Suara.com - Salah satu tantangan implementasi ekosistem kendaraan listrik di Indonesia adalah sumber energi yang masih menggunakan energi kotor, yaitu material batu bara. Pandangan ini disampaikan Darmaningtyas, salah satu pengamat transportasi ternama Indonesia.
"Bahan bakar listrik yang 63 persen masih dari batu bara juga membuat electric vehicle (EV) tidak sepenuhnya bersih lingkungan, hanya pengalihan atau penundaan polusi saja mengingat batu bara juga melahirkan limbah," demikian papar Darmaningtyas sebagaimana dikutip Suara.com dari kantor berita Antara pada Minggu (14/8/2022).
Ketua Institut Studi Transportasi (Instran) ini menyatakan pihaknya mendukung penuh ekosistem kendaraan listrik di Tanah Air apabila bahan baku listrik bersumber dari energi baru terbarukan (EBT), misalnya dari pembangkit listrik tenaga mikrohidro.
Selain itu, harga kendaraan listrik saat ini juga dinilainya masih relatif tinggi untuk dijangkau masyarakat secara luas.
Baca Juga: Tampil di GIIAS 2022, Toyota bZ4X Siap Dipasarkan untuk Indonesia?
"Bila secara ekonomis menguntungkan, maka dengan sendirinya mereka akan beralih ke EV. Namun bila mereka belum beralih berarti belum menarik alias belum menguntungkan, baik sebagai bidang usaha produsen EV maupun sebagai konsumen," tandas Darmaningtyas.
Sementara itu, Komite Nasional Keselamatan Transportasi (KNKT) juga menyampaikan sejumlah tantangan kendaraan listrik, salah satunya yaitu penyiapan sumber daya manusia atau SDM yang mumpuni di bidang otomotif berbasis listrik.
Ketua KNKT Soerjanto Tjahjono menyebutkan diperlukan SDM yang mampu berkontribusi pada pencegahan kecelakaan maupun temuan yang dapat menimbulkan potensi bahaya di masa depan.
"Kita harus selalu bersiap siaga terhadap perubahan ataupun dinamika, baik peraturan, teknologi, material ataupun sistem baru di mana saat ini masih terus berkembang baik hasil penelitian atau adanya kasus-kasus baru yang mempengaruhi keselamatan, keandalan, keekonomian dan lainnya," jelas Soerjanto Tjahjono.
Adapun sejumlah potensi bahaya yang perlu diwaspadai misalnya area tegangan DC tinggi (600 volt) yang dapat berakibat fatal, adanya opening atau cracking (retak isolator kabel tegangan tinggi) yang disebabkan adanya antara lain fretting (gesekan), radius yang tajam, penuaan (aging), dan terkelupas.
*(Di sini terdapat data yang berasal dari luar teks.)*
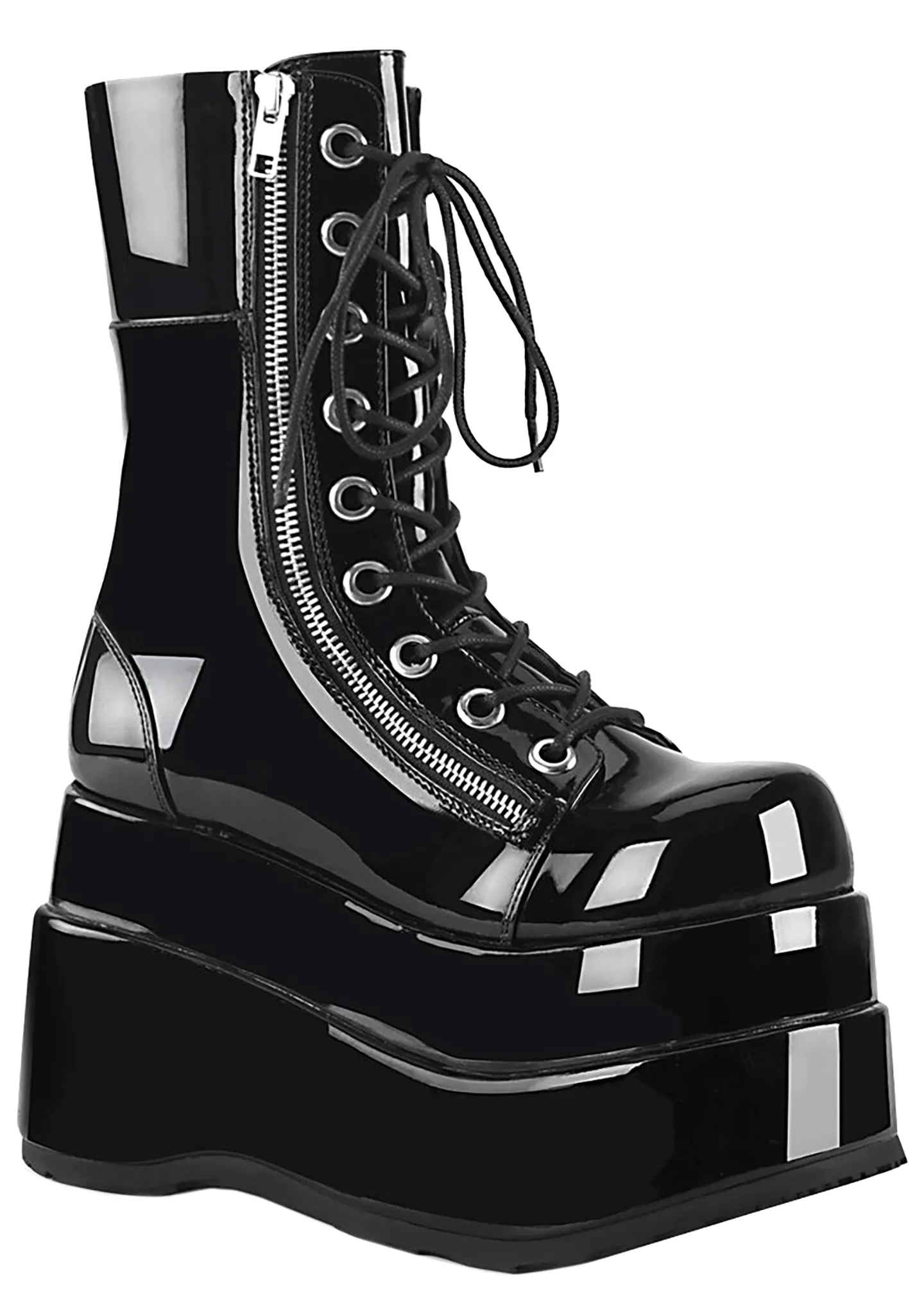 BEAR 265 Toxic Lust Patent Black Platform Boots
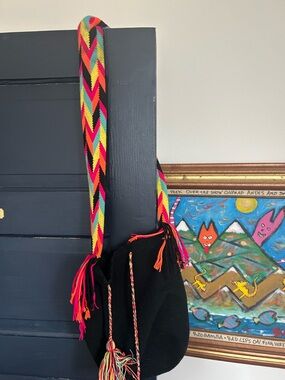 Colombian Handwoven Black Shoulder Bag with Multicolor Strap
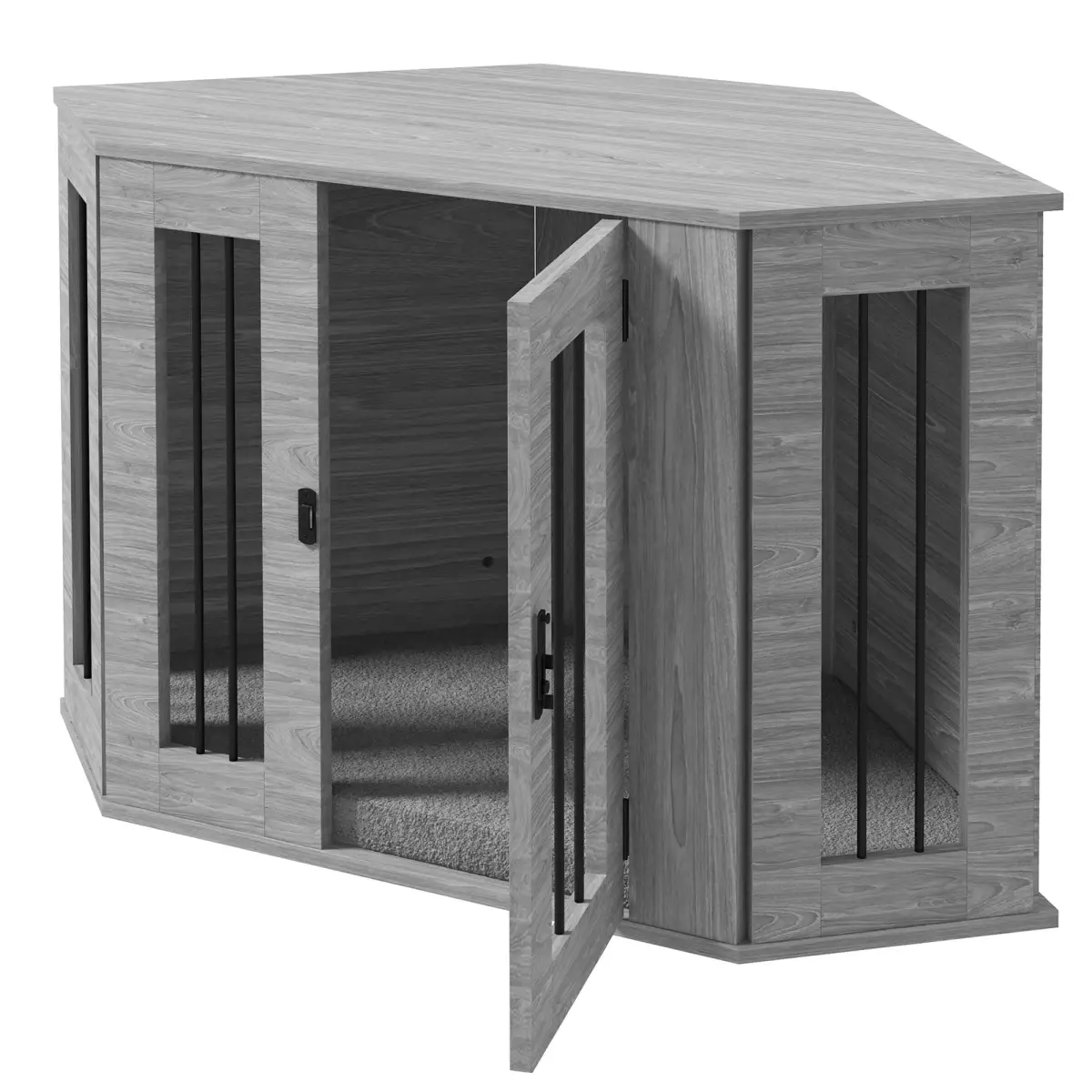 PawHut PawHut Dog Crate Furniture for Medium Dogs w/ Cushion, Large Door - Grey - Dog Crate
Baca Juga: Terpikat Mobil Listrik? Silakan Jajal Terlebih Dahulu di GIIAS 2022, Begini Caranya
Kemudian, terjadinya short circuit akibat fibration kendaraan, benturan ataupun hal-hal lainnya, lingkungan tropis yang cenderung lembap, panas, berdebu sehingga dapat mengganggu fungsi-fungsi elektronik.
Soerjanto Tjahjono menegaskan bahwa kendaraan bermotor listrik berbasis baterai (Battery Electric Vehicle atau BEV) untuk transportasi jalan harus benar-benar dipastikan memenuhi aspek keselamatan, keamanan, dan juga sehat.
"Hanya personel terlatih yang disarankan untuk menangani keadaan itu. Tim tanggap darurat harus selalu standby selama kendaraan listrik beroperasi agar selalu dilakukan evaluasi, khususnya mengenai bahaya, kesulitan, serta mitigasi dan perbaikan SOP yang ada," tukas Soerjanto Tjahjono.
Terkait pemenuhan energi bersih untuk kendaraan listrik, ia menambahkan harus ada yang menghitung total energi dan karbon dari saat batu bara ditambang dengan alat berat sampai dengan menghasilkan listrik sehingga dapat dijadikan bahan evaluasi.
"Itu semua harus dihitung dan dicatat, kami laporkan berapa status karbon Indonesia setelah menggunakan EV. Ini bagian yang juga penting dalam penerapan EV," tutup Soerjanto Tjahjono.